Meanwhile, the i40’s suspension, which has enough compliance to deal quietly and comfortably with speed bumps and potholes at everyday speeds, begins to run out of damping control. The car’s body feels a little too easily disturbed by small intrusions taken on motorways.

And at higher speeds on country roads, the i40’s body control lacks the subtlety and tautness of the best. Strangely, these damping issues are not rectified by selecting the 100kg lighter petrol model, which in fact appears to further upset the i40's compusure.


Hyundai i40

The short-legged final drive partly explains why a i40 Blue Drive diesel fell so short of the official economy claim during touring economy runs at our test track; 50.5mpg for a typical 30-mile, 70mph motorway cruise isn’t bad, but it’s a far cry from Hyundai's claimed 65.7mpg. So, tax advantages apart, you might be saving little in fuel costs over the more up-range diesel versions, which will also give you a livelier drive.

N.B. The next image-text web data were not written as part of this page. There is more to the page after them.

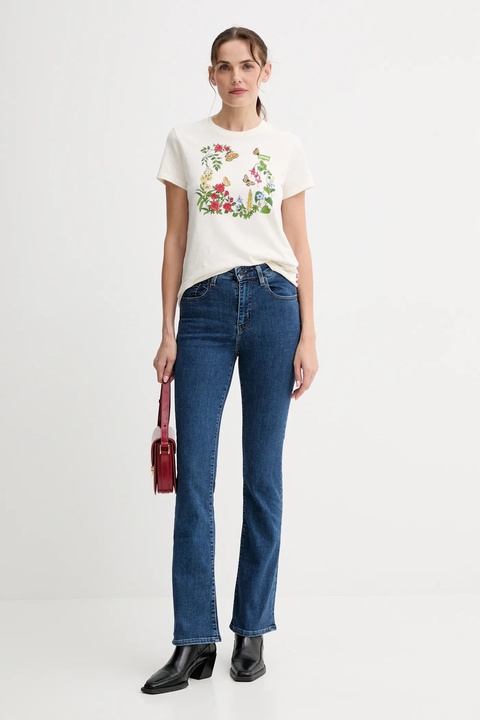 Levi's jeansy 725 HIGH RISE BOOTCUT damskie high waist 18759.0234 - zdjęcie produktu nr 2
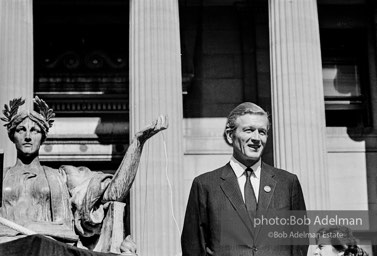 New York City mayor, John Lindsay. Columbia University. Moratorium Day. October 15, 1969. New York City mayor, John Lindsay. Columbia University. Moratorium Day. October 15, 1969.
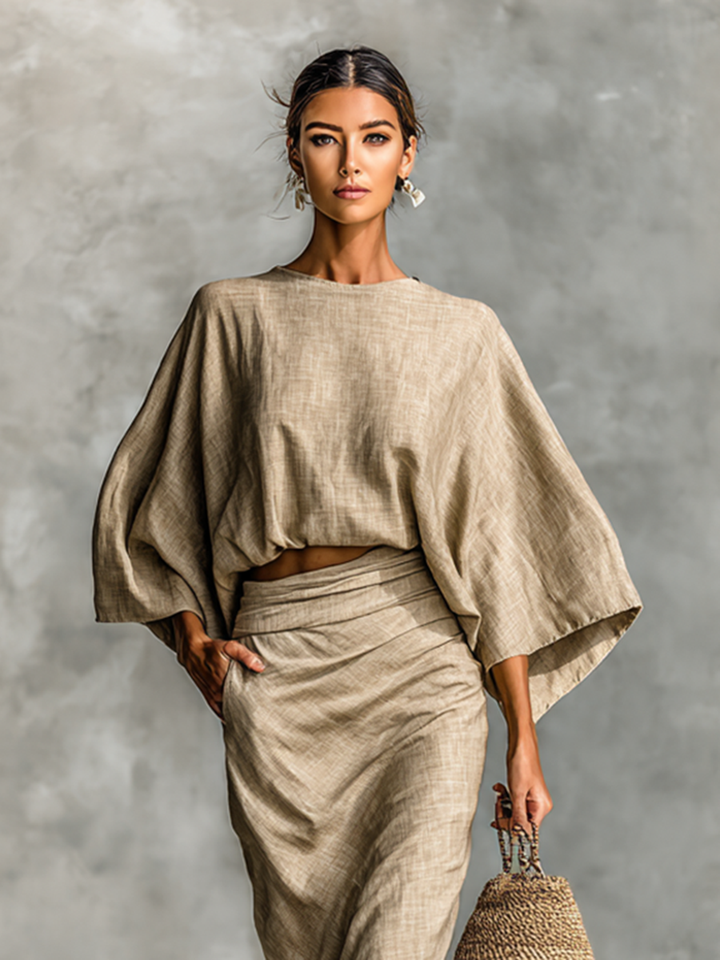 Vela™ | Linnen Luxe Tweedelige Set
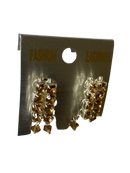 Rectangle Hoop Earrings (Golden)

Hyundai may be making much more desirable cars than it used to, but it is still charging pleasingly little for them. It could be harder to negotiate a discount in a Hyundai showroom than elsewhere but, even before you try, an i40 has typical advantage of around £600 relative to its next cheapest rival.

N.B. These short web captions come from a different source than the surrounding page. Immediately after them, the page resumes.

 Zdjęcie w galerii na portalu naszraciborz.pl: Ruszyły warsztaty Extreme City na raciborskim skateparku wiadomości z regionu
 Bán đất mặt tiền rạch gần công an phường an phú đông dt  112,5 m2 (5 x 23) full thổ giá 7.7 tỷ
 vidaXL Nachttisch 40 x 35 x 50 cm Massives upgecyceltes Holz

An i40 has a typical advantage of around £600 relative to its next cheapest rival

Better still, it comes with a five-year, unlimited-mileage warranty, five years of roadside assistance and five years of free Hyundai dealer car health checks. And for bargain hunters, that’s just the beginning of the story.

With an insurance rating of 12E, the i40 Blue Drive is five groups lower than Volkswagen’s cheapest Volkswagen Passat. For fleet drivers, it combines low emissions with a lower ‘P11D’ value – the one that counts towards your company car tax – than an equivalent Ford Focus.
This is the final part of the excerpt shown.